• _EXERCISE PROMPT_:
Go through the entries below and copy each line that holds the word "person".

________________________________________

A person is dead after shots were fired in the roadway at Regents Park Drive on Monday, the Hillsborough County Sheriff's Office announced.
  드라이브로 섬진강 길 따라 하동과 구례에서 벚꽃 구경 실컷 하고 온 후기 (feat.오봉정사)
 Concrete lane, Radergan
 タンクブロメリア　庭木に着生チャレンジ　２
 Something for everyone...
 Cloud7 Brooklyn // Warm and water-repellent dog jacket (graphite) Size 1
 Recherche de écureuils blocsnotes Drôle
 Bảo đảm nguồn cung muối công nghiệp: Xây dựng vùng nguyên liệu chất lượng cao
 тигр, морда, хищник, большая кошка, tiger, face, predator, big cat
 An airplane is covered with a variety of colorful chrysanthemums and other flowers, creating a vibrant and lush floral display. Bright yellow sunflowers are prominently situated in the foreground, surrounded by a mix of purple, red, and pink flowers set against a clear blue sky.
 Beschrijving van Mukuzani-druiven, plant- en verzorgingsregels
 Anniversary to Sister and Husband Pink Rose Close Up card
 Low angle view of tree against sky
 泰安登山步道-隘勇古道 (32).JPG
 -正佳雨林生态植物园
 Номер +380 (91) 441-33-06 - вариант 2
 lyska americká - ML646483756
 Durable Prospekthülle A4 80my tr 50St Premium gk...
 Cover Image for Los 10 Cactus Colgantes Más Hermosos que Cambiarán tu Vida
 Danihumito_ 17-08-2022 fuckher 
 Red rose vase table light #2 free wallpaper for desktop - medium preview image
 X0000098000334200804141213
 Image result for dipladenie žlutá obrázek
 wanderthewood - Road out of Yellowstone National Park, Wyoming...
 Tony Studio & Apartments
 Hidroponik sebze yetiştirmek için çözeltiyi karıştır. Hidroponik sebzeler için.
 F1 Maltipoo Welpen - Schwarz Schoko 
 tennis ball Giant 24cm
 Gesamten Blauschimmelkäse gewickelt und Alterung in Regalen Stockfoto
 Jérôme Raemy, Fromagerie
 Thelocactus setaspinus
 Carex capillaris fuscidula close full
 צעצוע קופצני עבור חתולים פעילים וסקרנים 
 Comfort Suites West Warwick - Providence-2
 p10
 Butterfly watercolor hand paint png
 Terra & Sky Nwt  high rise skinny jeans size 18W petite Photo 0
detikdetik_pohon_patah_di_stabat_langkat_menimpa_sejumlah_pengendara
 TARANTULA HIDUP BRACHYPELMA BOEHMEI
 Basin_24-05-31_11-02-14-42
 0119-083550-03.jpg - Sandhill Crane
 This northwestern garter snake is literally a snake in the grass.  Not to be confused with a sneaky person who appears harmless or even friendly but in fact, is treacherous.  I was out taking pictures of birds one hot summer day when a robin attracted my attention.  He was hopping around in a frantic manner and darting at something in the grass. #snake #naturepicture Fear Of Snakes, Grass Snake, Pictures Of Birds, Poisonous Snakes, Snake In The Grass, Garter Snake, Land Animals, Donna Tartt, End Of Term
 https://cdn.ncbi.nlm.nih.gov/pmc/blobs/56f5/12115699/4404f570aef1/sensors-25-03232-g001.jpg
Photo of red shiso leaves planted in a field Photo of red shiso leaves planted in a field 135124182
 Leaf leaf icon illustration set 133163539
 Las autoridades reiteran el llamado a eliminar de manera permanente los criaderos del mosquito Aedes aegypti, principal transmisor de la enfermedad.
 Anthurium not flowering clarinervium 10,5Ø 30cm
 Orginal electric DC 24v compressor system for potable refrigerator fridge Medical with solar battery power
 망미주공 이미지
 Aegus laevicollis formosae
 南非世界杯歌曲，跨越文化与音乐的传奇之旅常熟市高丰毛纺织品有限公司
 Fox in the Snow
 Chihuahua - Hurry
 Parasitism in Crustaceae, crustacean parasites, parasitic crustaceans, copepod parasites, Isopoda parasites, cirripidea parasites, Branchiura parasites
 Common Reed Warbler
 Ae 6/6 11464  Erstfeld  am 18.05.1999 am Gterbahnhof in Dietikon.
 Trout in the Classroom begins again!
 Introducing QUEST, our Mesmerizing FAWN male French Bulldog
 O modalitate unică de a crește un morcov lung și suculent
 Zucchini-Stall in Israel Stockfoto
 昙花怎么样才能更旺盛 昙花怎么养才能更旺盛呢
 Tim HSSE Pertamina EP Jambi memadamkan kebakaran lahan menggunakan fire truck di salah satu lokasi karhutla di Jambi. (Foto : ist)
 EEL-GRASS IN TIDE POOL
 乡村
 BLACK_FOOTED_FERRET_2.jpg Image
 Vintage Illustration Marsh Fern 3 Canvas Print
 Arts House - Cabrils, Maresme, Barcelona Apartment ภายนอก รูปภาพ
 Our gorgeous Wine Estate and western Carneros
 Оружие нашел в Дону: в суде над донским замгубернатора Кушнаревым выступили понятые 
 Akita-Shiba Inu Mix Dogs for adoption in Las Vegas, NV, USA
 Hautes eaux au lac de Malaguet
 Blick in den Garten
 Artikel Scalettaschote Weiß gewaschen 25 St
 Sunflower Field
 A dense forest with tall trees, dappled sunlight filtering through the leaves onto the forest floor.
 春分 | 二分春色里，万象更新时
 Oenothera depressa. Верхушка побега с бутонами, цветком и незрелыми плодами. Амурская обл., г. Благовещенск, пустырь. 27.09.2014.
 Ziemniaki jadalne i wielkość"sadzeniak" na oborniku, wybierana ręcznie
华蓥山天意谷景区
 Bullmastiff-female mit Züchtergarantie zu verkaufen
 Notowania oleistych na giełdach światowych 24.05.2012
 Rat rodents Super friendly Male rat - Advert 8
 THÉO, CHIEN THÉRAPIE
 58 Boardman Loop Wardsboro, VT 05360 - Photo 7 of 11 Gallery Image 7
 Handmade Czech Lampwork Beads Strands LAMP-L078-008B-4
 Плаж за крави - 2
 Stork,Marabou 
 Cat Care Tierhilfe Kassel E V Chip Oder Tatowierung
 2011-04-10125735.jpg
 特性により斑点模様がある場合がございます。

________________________________________

• _ANSWER FOR THE TASK_:
A person is dead after shots were fired in the roadway at Regents Park Drive on Monday, the Hillsborough County Sheriff's Office announced.
 This northwestern garter snake is literally a snake in the grass.  Not to be confused with a sneaky person who appears harmless or even friendly but in fact, is treacherous.  I was out taking pictures of birds one hot summer day when a robin attracted my attention.  He was hopping around in a frantic manner and darting at something in the grass. #snake #naturepicture Fear Of Snakes, Grass Snake, Pictures Of Birds, Poisonous Snakes, Snake In The Grass, Garter Snake, Land Animals, Donna Tartt, End Of Term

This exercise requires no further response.